Les problèmes causés par les pesticides n’incombent pas seulement aux agriculteurs. En effet la distribution des pesticides se fait généralement par les différentes firmes, distributeurs et formulateurs eux mêmes installés dans le pays. Il n’y a pas de structure institutionnelle chargée de distribuer les pesticides sur le territoire Sénégalais. Aussi les marchands ambulants de produits phytosanitaires exercent sur tout le territoire [W.2, W.3]. Ceci facilite l’accès aux pesticides parfois prohibés notamment certains organochlorés (DDT, heptachlore, Dieldrine, Hexachlorohexane, Endosulfan, alachlore, endrine, etc). IL s’y ajoute que l’utilisation abusive des pesticides trouve son origine à la croissance urbaine qui a entrainé le grignotage des espaces à vocation agricole [1, 3, 6]. Il est pourtant possible de maintenir un équilibre entre l’urbanisation et l’agriculture si l’on prend en considération l’importance de l’agriculture urbaine dans ses fonctions structurantes d’amélioration de la qualité de la vie et dans le processus d’approvisionnement des villes. Le déficit juridique tant évoqué est donc confirmé par l’usage abusif et incontrôlé des pesticides dans la filière maraichère avec surtout la présence de l’endosulfan.

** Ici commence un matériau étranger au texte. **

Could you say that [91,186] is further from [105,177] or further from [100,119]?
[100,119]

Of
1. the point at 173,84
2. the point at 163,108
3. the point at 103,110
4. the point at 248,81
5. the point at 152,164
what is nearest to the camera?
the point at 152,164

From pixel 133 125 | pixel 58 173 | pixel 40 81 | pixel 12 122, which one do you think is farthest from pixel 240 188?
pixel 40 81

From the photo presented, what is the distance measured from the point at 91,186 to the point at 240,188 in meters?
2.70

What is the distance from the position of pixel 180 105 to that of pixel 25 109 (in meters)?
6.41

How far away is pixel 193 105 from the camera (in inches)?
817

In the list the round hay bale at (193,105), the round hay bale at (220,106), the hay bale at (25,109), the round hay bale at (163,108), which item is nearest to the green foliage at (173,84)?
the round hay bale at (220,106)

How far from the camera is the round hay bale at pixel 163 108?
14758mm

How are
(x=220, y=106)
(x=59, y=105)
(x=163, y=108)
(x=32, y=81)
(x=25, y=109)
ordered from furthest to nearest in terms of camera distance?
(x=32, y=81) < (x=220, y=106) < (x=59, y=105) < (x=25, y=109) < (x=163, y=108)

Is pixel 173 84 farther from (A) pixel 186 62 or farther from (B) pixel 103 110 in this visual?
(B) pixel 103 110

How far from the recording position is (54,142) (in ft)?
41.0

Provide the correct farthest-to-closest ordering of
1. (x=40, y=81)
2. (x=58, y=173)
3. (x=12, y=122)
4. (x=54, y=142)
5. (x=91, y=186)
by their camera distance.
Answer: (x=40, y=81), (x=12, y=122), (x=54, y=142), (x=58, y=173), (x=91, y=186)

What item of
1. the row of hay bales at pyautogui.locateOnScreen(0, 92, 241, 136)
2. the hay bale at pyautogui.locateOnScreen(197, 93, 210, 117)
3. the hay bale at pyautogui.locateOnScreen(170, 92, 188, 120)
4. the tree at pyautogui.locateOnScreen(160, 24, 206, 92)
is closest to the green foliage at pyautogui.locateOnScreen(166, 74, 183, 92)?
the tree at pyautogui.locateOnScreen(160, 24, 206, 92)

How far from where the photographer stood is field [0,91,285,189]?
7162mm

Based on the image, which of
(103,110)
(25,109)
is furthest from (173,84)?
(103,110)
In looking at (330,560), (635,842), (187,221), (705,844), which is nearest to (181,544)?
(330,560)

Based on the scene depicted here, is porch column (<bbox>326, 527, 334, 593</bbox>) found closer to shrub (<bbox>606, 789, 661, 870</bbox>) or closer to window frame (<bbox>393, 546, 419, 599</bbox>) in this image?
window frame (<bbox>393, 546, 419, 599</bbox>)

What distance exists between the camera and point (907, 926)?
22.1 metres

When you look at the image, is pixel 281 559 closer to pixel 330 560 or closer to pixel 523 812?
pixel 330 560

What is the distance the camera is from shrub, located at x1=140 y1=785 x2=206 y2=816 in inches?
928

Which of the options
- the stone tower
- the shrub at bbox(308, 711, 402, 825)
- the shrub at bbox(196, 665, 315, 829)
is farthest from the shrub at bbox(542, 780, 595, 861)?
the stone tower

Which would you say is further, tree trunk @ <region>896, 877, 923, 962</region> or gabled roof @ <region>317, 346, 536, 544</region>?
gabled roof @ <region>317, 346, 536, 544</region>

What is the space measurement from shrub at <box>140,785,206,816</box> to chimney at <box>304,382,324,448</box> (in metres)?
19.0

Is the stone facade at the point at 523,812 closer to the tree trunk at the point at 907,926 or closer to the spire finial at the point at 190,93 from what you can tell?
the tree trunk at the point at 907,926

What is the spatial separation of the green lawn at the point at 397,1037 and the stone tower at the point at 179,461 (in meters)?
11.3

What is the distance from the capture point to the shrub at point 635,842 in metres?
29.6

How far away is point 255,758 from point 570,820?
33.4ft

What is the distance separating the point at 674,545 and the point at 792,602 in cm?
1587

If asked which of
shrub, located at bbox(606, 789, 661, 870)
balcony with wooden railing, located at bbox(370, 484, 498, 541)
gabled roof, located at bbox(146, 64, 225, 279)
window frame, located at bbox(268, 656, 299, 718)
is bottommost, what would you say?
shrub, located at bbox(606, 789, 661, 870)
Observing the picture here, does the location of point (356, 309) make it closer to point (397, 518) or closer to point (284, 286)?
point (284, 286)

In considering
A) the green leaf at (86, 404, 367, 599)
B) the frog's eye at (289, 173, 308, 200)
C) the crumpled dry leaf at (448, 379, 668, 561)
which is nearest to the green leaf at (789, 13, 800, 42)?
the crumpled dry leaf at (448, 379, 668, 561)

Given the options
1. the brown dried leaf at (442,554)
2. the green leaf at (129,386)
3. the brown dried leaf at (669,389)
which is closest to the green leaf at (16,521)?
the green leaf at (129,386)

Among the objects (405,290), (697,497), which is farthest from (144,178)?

Conséquences sanitaires de la contamination des eaux par les pesticides
Au delà des risques encourus via la consommation des produits agricoles, la problématique des pesticides est d’autant plus inquiétante dans nos pays que les eaux naturelles sont strictement utilisées comme eau de boisson et aussi à des fins de ménage dans certaines localités. En fait certains pesticides tels que les organochlorés POPs sont rémanents. Ils s’accumulent dans les chaînes alimentaires et dans l’environnement avec toutes les conséquences sanitaires qui peuvent en découler. Les manipulateurs des pesticides sont les premières victimes des cas d’intoxications aiguës. Selon un communiqué conjoint de presse FAO/OMS du 05/10/2004, le nombre des intoxications par les pesticides se situe annuellement entre 1 et 5 millions avec des milliers de cas mortels [W.12]. Les pays en développement où les mesures de protection personnelle sont souvent inadéquates ou absentes sont les plus touchés soit 99 % des décès dus aux intoxications. En guise d’illustration, les POPs sont toxiques pour les animaux et pour les hommes, même avec de faibles niveaux d’exposition, provoquant des cancers, une perturbation du système immunitaire, des dommages au système nerveux, des lésions hépatiques, des pertes de mémoire, des maladies cardiovasculaires, des troubles endocriniens, des malformations congénitales et d’autres problèmes de reproduction.
Les enquêtes menées dans la zone des Niayes démontrent des pourcentages importants (25 %) d’individus ayant été victimes d’une intoxication. La situation est plus alarmante car, la plupart des maraîchers se souviennent difficilement de leurs antécédents avec les pesticides. Ainsi, dans la zone des Niayes notamment celle de Dakar, on remarque que 26 % des victimes d’intoxication ne peuvent se souvenir du produit incriminé. L’une des intoxications la plus fréquente est l’intoxication avec des signes neurologiques dont 52 % des cas souffrant souvent de nausées, des vertiges, d’étourdissements, etc.